__PROBLEM DESCRIPTION__:
Take from the entries below the stretch from the line with "Ajazz геймърска механична" through the line with "Iowa Moonlight PVC Classic Snapback Black", and return it exactly, leaving the pictures out.

__GIVEN INFORMATION__:
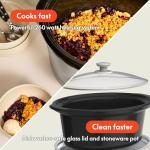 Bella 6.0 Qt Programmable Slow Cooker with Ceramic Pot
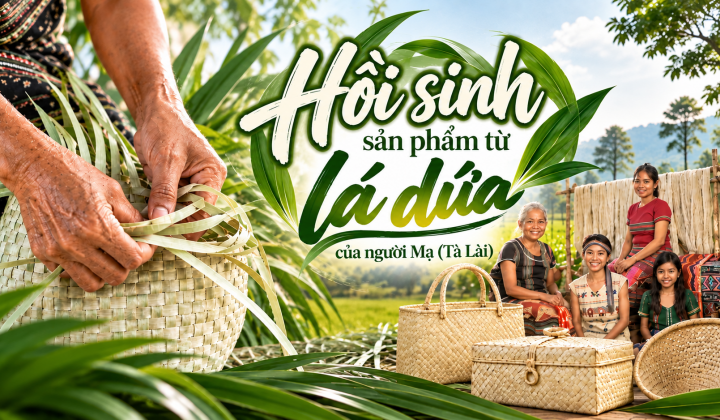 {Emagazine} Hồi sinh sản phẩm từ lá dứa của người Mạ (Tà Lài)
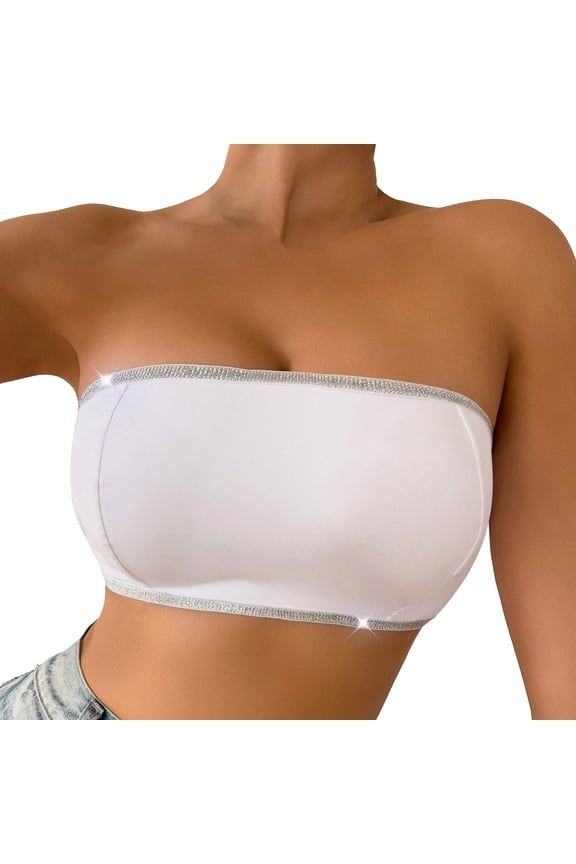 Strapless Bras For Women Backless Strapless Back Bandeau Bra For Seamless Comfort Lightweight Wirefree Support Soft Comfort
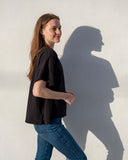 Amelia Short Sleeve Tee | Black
==
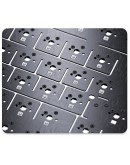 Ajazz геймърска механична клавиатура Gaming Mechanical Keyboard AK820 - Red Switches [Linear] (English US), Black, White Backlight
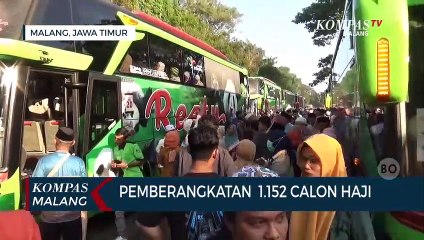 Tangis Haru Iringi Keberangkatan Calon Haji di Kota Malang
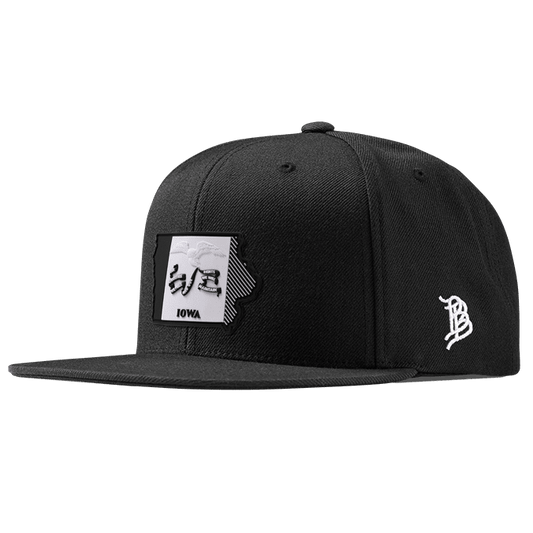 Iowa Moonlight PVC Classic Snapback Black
==
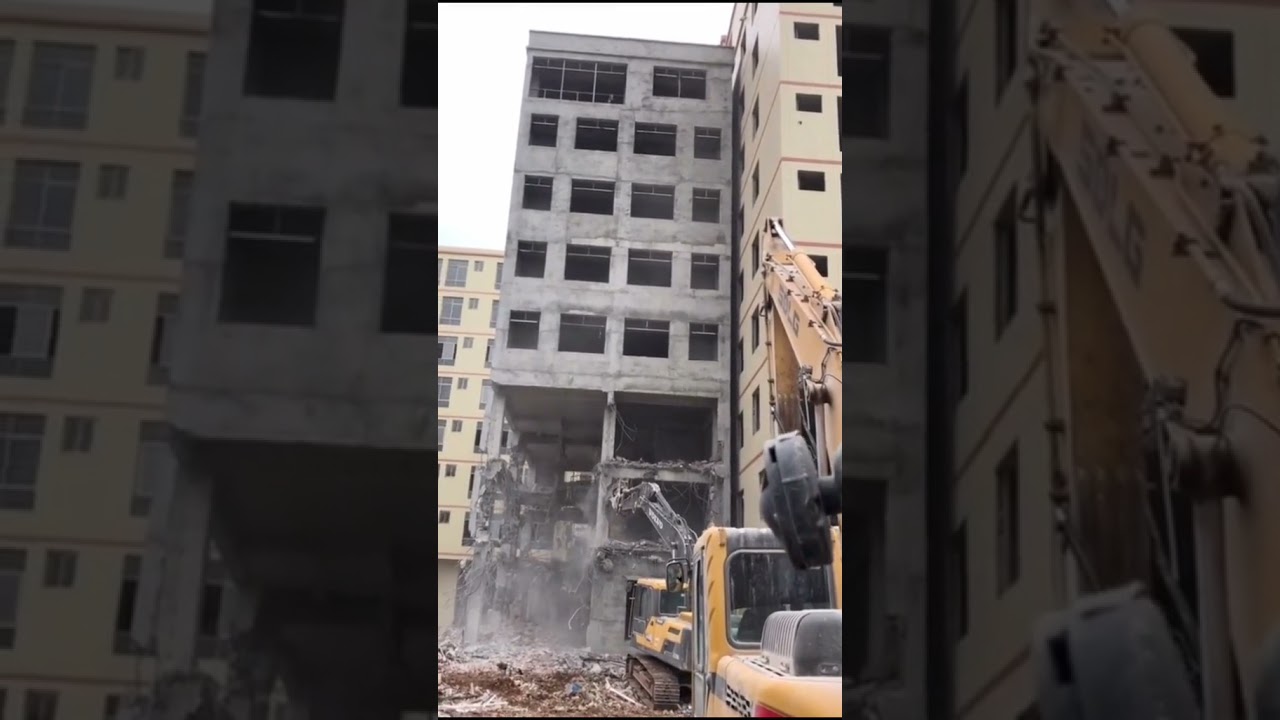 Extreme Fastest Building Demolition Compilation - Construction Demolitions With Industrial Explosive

__RESPONSE AREA__:
 Ajazz геймърска механична клавиатура Gaming Mechanical Keyboard AK820 - Red Switches [Linear] (English US), Black, White Backlight
 Tangis Haru Iringi Keberangkatan Calon Haji di Kota Malang
 Iowa Moonlight PVC Classic Snapback Black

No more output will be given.